Work instructions: Repeat the records exactly. Leave out the pictures.

Entries shown:
----

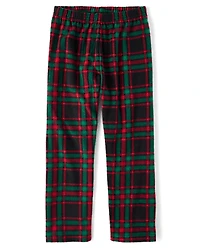Boys Plaid Microfleece Pajama Pants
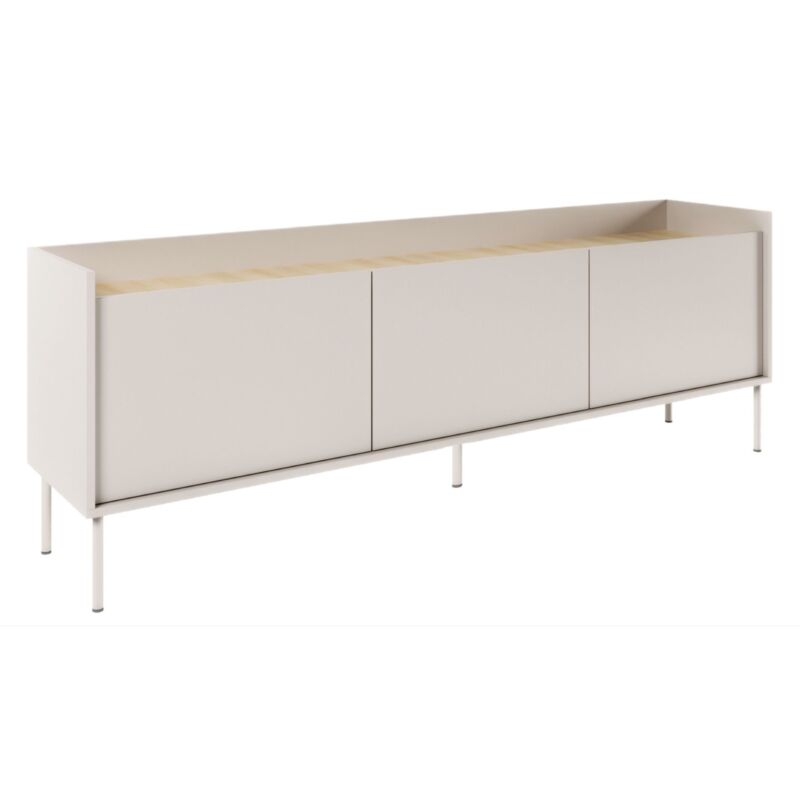 Selsey Tovi - Tv-schrank 3-türig, 175 Cm, Kaschmirgrau / Holzoptik Eiche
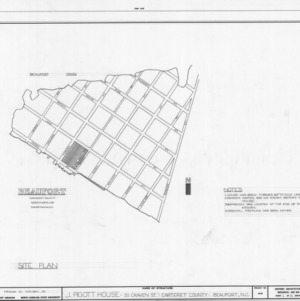 Site plan, Richard Rustell House, Beaufort, North Carolina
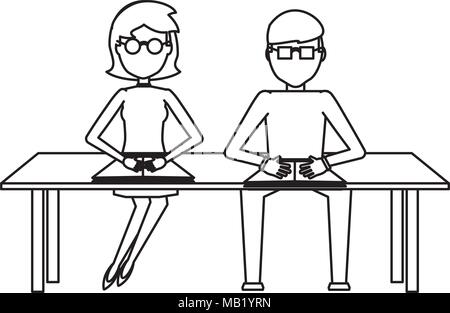 Les gens assis à 24 avatar sur fond blanc, vector illustration Illustration de Vecteur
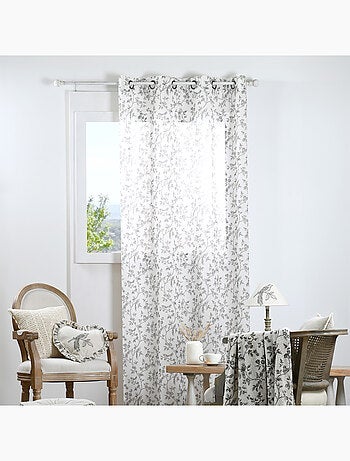 Tenda in cotone con occhielli e stampa floreale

----

Solved problem:
Boys Plaid Microfleece Pajama Pants
 Selsey Tovi - Tv-schrank 3-türig, 175 Cm, Kaschmirgrau / Holzoptik Eiche
 Site plan, Richard Rustell House, Beaufort, North Carolina
 Les gens assis à 24 avatar sur fond blanc, vector illustration Illustration de Vecteur
 Tenda in cotone con occhielli e stampa floreale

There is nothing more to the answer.